= Exercise description =
Please return the lines below verbatim, beginning at the one that has "Old newspaper from" and stopping after the one that has "Tüy detay triko elbise - Pembe", and add no other lines.
== Exercise data
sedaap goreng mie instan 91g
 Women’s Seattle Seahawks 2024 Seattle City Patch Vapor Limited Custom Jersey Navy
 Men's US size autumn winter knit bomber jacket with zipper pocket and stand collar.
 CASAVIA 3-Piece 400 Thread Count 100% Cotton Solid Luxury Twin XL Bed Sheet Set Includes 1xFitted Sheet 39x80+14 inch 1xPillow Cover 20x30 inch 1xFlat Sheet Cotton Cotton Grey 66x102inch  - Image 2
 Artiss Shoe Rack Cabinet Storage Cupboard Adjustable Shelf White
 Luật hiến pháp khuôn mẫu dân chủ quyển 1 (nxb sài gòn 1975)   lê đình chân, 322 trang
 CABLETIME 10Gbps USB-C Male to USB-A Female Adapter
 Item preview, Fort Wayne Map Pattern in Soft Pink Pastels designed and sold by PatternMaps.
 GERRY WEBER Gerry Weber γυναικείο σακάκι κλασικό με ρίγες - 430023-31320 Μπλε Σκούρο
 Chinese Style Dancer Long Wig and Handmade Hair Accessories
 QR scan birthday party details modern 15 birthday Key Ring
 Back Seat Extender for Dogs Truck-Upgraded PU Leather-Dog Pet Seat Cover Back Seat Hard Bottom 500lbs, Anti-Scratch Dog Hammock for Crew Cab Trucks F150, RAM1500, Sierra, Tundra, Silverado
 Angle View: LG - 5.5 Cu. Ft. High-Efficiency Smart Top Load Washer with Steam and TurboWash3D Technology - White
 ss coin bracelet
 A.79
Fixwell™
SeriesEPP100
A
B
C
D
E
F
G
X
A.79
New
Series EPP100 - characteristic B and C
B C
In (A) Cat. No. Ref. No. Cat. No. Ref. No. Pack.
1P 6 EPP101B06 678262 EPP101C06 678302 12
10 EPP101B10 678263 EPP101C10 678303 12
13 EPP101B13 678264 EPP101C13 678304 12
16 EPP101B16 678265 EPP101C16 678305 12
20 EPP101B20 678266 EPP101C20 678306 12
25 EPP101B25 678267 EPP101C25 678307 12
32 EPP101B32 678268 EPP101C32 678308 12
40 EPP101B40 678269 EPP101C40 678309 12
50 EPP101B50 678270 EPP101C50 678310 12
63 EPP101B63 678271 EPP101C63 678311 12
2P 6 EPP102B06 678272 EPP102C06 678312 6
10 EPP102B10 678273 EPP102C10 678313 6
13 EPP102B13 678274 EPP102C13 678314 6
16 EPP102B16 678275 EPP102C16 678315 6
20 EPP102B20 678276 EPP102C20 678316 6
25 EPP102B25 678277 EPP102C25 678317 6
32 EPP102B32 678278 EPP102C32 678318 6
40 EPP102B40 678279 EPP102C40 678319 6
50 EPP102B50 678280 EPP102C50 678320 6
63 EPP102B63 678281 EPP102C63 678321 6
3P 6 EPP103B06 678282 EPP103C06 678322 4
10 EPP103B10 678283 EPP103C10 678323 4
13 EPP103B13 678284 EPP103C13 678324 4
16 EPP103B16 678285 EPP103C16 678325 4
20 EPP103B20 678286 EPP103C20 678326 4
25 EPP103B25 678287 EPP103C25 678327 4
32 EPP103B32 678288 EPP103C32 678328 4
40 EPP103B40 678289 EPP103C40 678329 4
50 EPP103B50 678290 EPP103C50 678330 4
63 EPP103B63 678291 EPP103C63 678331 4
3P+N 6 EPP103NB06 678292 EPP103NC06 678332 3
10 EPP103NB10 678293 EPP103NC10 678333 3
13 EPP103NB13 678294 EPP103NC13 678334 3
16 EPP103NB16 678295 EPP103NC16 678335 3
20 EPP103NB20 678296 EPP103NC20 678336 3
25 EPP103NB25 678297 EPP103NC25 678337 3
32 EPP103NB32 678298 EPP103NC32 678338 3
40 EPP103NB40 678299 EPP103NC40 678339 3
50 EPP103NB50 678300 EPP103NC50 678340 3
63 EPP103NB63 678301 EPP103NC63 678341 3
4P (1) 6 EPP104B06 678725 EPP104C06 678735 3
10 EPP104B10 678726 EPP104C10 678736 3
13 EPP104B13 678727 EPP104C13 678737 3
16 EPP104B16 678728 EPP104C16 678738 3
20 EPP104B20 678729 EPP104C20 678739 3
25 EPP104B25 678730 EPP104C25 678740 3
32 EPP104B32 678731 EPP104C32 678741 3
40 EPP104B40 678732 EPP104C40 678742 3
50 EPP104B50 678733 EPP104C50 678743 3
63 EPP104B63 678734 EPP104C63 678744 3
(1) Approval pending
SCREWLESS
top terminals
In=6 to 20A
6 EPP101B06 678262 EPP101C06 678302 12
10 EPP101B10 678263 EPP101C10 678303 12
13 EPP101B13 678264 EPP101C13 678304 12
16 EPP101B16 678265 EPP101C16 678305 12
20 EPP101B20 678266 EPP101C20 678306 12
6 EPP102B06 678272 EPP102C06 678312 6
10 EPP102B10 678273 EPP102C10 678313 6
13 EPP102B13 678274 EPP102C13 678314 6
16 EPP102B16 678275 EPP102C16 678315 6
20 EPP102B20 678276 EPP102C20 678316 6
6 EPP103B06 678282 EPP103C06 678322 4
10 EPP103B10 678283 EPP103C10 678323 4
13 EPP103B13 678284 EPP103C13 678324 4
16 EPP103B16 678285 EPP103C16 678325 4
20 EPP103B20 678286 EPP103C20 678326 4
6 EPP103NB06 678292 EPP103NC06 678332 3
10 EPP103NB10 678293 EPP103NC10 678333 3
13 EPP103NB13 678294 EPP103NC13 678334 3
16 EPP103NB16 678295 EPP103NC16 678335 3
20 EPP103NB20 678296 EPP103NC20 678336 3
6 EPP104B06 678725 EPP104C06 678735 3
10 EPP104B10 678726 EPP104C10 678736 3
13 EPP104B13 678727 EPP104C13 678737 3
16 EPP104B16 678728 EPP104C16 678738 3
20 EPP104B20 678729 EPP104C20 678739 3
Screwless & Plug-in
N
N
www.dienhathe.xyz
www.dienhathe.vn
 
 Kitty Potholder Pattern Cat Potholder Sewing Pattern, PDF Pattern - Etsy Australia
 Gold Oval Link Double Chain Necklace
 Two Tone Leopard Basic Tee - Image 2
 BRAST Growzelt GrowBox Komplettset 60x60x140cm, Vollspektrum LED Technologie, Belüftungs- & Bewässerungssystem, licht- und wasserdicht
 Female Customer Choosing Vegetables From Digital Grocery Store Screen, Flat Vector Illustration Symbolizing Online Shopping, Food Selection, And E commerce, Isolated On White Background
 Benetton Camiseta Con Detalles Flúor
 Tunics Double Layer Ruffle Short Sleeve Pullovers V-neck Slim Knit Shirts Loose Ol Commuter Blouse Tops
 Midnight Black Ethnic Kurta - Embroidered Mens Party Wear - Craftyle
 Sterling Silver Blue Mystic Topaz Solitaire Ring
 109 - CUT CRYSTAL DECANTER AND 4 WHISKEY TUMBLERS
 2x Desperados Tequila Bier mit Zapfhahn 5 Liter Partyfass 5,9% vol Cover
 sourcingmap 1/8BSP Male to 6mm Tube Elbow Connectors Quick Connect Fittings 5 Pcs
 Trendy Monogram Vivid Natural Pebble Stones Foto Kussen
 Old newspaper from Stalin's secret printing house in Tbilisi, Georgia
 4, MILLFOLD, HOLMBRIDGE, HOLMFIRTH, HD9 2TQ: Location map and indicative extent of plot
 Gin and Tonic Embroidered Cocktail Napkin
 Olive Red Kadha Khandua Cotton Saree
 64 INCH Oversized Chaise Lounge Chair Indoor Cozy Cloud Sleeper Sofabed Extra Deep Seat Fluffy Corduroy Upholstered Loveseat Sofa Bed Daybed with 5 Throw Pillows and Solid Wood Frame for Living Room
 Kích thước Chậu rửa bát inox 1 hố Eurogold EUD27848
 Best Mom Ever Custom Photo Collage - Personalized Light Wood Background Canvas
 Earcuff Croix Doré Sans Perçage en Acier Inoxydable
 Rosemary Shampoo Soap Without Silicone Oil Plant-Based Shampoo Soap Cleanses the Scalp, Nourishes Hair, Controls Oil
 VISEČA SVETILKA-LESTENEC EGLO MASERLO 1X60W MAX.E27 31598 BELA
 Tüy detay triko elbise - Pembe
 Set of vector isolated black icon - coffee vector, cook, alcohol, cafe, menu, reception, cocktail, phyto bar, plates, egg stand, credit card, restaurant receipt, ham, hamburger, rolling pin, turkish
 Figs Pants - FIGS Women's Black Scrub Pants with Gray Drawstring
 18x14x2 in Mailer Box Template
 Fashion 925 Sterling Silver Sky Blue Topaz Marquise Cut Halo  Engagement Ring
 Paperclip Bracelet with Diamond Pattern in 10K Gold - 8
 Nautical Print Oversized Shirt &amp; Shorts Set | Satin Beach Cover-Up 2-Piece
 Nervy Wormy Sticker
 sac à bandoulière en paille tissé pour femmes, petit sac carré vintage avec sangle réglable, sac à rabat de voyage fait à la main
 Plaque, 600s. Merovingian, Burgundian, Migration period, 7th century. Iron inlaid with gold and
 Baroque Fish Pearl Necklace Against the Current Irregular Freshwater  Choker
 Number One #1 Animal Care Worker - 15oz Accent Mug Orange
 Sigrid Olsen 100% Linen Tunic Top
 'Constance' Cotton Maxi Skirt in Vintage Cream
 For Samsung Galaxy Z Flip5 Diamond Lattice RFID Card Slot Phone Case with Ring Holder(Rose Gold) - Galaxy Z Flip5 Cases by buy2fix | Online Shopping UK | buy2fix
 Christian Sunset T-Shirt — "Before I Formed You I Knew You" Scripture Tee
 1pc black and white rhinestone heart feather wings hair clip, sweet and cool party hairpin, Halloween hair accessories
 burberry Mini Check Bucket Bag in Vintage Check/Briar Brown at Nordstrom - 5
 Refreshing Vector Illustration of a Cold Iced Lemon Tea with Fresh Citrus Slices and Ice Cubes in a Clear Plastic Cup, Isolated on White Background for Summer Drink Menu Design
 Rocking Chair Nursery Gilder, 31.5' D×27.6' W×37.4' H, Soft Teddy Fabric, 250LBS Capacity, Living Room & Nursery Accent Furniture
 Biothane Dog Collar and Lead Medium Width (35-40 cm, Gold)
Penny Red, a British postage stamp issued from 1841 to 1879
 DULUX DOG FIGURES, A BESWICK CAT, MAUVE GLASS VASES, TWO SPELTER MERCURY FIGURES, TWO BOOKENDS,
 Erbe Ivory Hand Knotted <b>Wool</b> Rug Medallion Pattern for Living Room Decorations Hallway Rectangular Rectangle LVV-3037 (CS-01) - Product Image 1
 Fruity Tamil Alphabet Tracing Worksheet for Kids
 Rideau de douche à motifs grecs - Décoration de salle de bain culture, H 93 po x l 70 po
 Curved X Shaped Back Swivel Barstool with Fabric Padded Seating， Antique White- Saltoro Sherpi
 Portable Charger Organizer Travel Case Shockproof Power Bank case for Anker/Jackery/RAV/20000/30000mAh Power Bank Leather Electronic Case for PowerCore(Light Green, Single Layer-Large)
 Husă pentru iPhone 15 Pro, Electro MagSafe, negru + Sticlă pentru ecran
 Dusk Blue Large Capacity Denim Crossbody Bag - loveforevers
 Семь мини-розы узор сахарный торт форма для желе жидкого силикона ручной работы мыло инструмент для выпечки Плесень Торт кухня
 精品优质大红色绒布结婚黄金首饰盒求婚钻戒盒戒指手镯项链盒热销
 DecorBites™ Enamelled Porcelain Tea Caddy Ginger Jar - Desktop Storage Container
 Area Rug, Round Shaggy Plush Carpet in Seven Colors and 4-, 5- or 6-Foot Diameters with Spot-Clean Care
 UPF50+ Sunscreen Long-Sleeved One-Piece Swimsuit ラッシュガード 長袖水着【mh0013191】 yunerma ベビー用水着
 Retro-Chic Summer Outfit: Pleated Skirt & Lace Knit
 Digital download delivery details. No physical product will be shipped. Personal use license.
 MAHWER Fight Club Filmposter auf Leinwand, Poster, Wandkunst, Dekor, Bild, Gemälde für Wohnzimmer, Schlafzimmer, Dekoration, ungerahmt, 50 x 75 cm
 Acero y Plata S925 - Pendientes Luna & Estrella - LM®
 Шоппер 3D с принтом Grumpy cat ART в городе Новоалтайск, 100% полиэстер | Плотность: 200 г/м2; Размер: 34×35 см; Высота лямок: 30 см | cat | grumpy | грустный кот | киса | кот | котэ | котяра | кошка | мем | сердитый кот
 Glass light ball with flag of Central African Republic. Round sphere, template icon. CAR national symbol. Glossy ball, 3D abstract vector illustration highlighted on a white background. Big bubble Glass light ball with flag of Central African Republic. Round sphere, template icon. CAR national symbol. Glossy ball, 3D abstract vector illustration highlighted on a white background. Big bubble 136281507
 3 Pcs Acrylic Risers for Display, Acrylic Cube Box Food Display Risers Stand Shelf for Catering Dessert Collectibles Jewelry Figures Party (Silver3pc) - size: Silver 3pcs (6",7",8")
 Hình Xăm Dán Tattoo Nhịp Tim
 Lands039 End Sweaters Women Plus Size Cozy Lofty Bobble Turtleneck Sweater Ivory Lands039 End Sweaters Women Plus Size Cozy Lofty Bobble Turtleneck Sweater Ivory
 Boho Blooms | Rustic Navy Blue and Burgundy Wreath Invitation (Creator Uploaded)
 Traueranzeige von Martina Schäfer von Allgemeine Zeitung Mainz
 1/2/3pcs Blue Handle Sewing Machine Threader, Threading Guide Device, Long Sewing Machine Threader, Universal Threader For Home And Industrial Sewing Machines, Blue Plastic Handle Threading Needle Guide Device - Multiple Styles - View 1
====
= Answer to the exercise =
 Old newspaper from Stalin's secret printing house in Tbilisi, Georgia
 4, MILLFOLD, HOLMBRIDGE, HOLMFIRTH, HD9 2TQ: Location map and indicative extent of plot
 Gin and Tonic Embroidered Cocktail Napkin
 Olive Red Kadha Khandua Cotton Saree
 64 INCH Oversized Chaise Lounge Chair Indoor Cozy Cloud Sleeper Sofabed Extra Deep Seat Fluffy Corduroy Upholstered Loveseat Sofa Bed Daybed with 5 Throw Pillows and Solid Wood Frame for Living Room
 Kích thước Chậu rửa bát inox 1 hố Eurogold EUD27848
 Best Mom Ever Custom Photo Collage - Personalized Light Wood Background Canvas
 Earcuff Croix Doré Sans Perçage en Acier Inoxydable
 Rosemary Shampoo Soap Without Silicone Oil Plant-Based Shampoo Soap Cleanses the Scalp, Nourishes Hair, Controls Oil
 VISEČA SVETILKA-LESTENEC EGLO MASERLO 1X60W MAX.E27 31598 BELA
 Tüy detay triko elbise - Pembe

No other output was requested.